The petition was heard in the Superior Court and a decision rendered for the petitioner granting her a divorce from bed and board and future cohabitation with the respondent, c. The case is now before us upon the respondent's exceptions: (1) To the refusal of the trial court to dismiss the petition; (2) to the refusal of the court to admit certain testimony offered by the respondent; and (3) to the decision of the trial court granting the prayer of the petition.

It appears that the marital discords and dissensions of this couple have been brought to the attention of the Superior Court upon two previous occasions. In July 1914, the respondent here filed a petition for divorce which was heard and denied. On February 8, 1919, he filed another petition which was also heard and denied.

In connection with the last-mentioned petition of Levi J. Roy, the respondent, now the petitioner here, filed a motion for an allowance for support and for witness and counsel fees. After a hearing "on oral testimony and *161 agreements of counsel" a decree was entered, March 1, 1919, ordering the petitioner to pay to the respondent certain sums of money including fifteen dollars per week for her support beginning on March 3, 1919.

On July 10, 1919, this second petition of Levi J. Roy was denied and dismissed. It is undisputed that Mrs. Roy received fifteen dollars per week between March 3, 1919, and July 10, 1919, in accordance with the terms of the decree before referred to.

There is some contention now, in the case at bar, as to whether the payments of Mr. Roy in the prior suit were voluntary or involuntary. The respondent claims that they were voluntary and therefore were like any other expenditures for the benefit of the petitioner. On the other hand the petitioner claims they were involuntary and that the time covered thereby is available to her in calculating the period of the respondent's failure to supply necessaries. They were evidently made in pursuance of a decree of the Superior Court following and based upon the motion of the respondent in that case for an allowance. How far the parties through their respective counsel may have consented to the form and provisions of the decree does not appear but we see nothing in the papers in that case which would lead us to characterize such payments as "voluntary."

However it does not seem to us to be material whether such payments were made voluntarily or under the compulsion of the decree. They were made, and the advantages arising therefrom to Mrs. Roy would be the same in either case. It was within her discretion to apply for the allowance or to refrain from doing so. Having chosen to make the application and having received the money paid by her husband, we do not think that she can now claim that he has neglected and refused to furnish her with the necessities of life during the period covered by such payments.

The present petition, filed March 20, 1920, alleges the failure of the respondent to furnish necessaries for more than one year prior thereto, that being the minimum period *162 required by the statute in such cases. This is in effect an allegation that the respondent has neglected to provide for her support since March 20, 1919. But from March 3, 1919, to July 10, 1919, the petitioner was receiving fifteen dollars per week from her husband for her support under the order and decree of the Superior Court.

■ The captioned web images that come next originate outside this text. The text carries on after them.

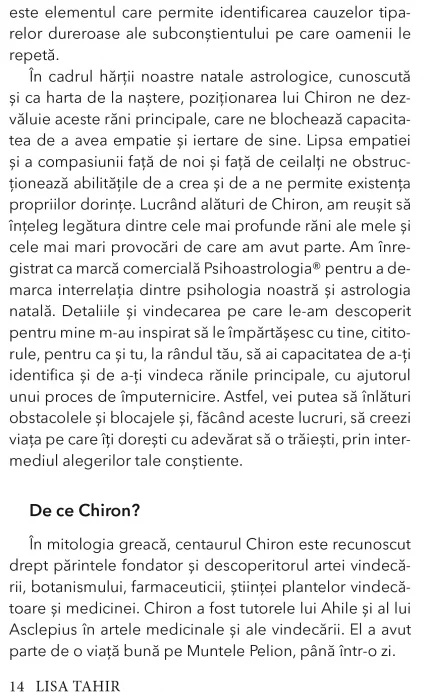 Efectul Chiron | Lisa Tahir - 5 | YEO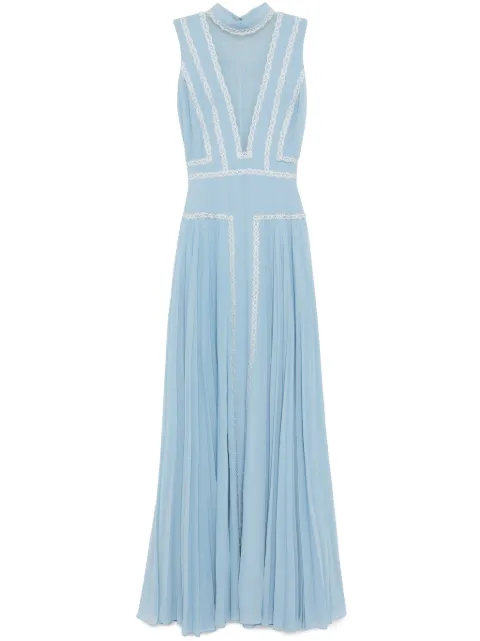 Saiid Kobeisy crepe georgette dress Blue RTWFW2403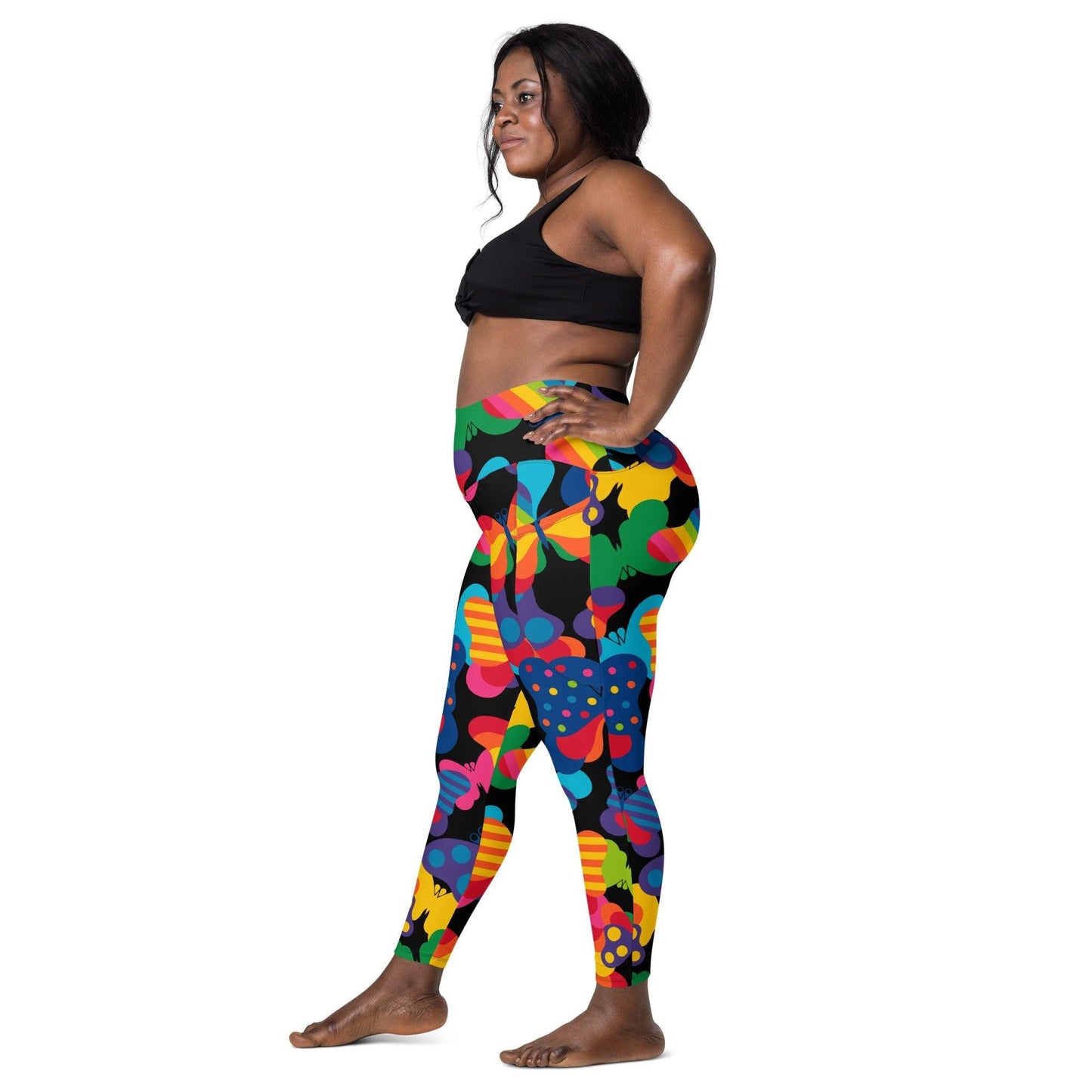 Leggings With Pockets - FLYRAVE black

We think that the present petition was prematurely filed and for that reason it should have been dismissed.

The exception of the respondent to the decision of the trial justice granting the petitioner a divorce from bed and board and future cohabitation is sustained.

The petitioner may appear before this court, if she shall see fit, on April 3, 1922, at ten o'clock A.M., and show cause, if any she has, why an order should not be made remitting the case to the Superior Court with direction to dismiss the petition.